» **Web page caption snippets**
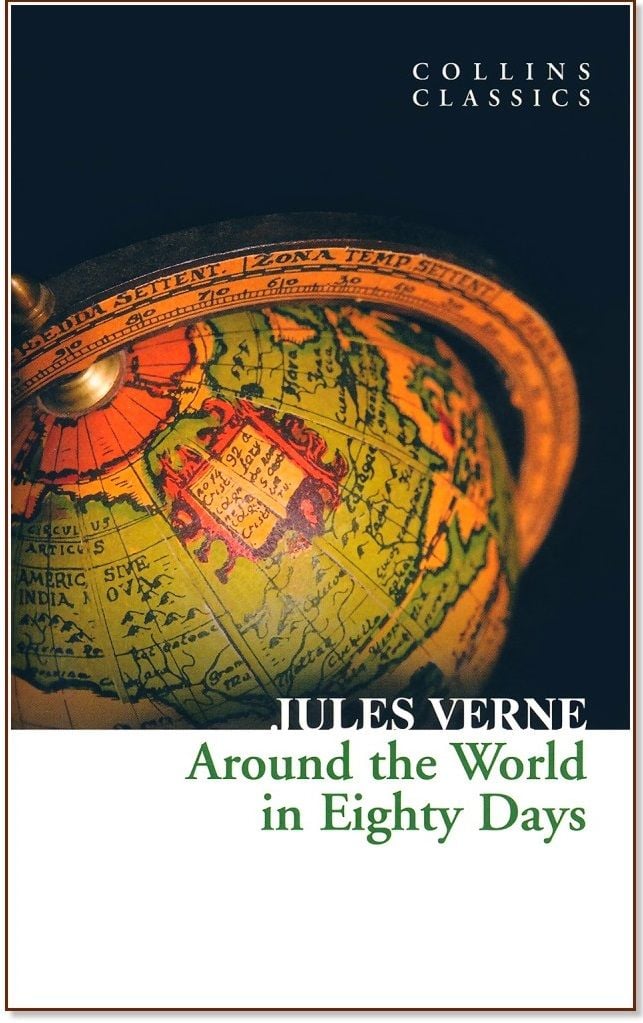 AROUND THE WORLD IN EIGHTY DAYS
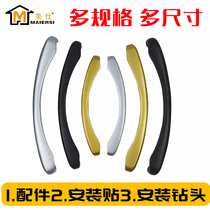 Sliding door handle Sliding door handle Kitchen Balcony Heavy glass door Aluminum alloy door Surface mounted handle handrail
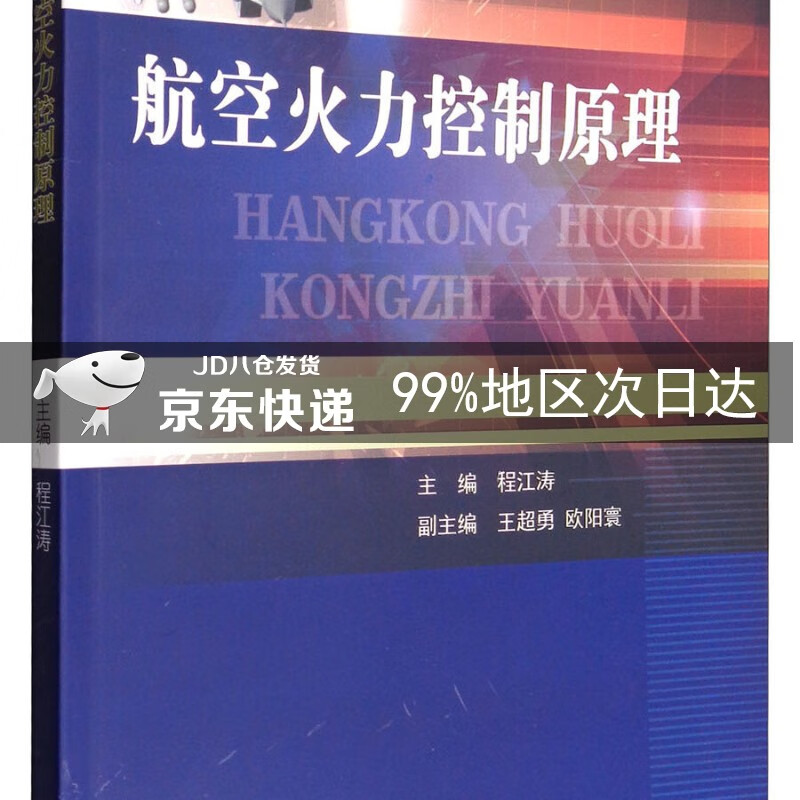 航空火力控制原理
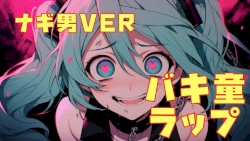 家二郎のウタ〜バキ童チャンネルラップ ナギ男ver〜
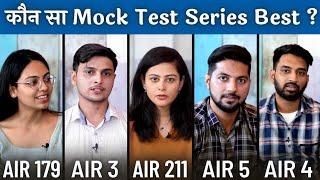 कौन सा Mock Test Series Best ?@RaMoSirFanClub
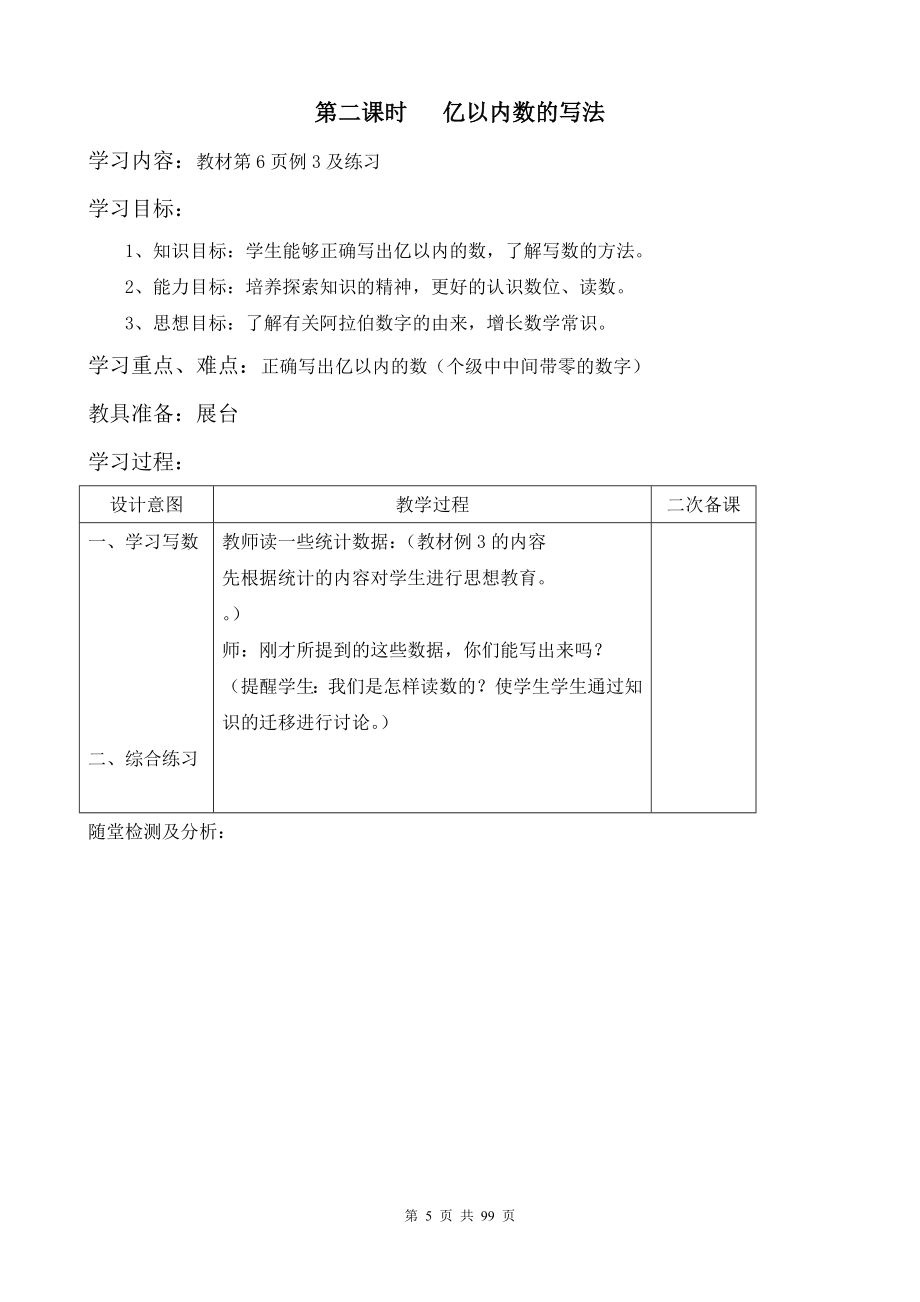 人教版小学数学四年级上册教案(3).doc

» **Work request**
Repeat each entry above word for word, leaving every picture out.

» **Exercise result**
 AROUND THE WORLD IN EIGHTY DAYS
 Sliding door handle Sliding door handle Kitchen Balcony Heavy glass door Aluminum alloy door Surface mounted handle handrail
 航空火力控制原理
 家二郎のウタ〜バキ童チャンネルラップ ナギ男ver〜
 कौन सा Mock Test Series Best ?@RaMoSirFanClub
 人教版小学数学四年级上册教案(3).doc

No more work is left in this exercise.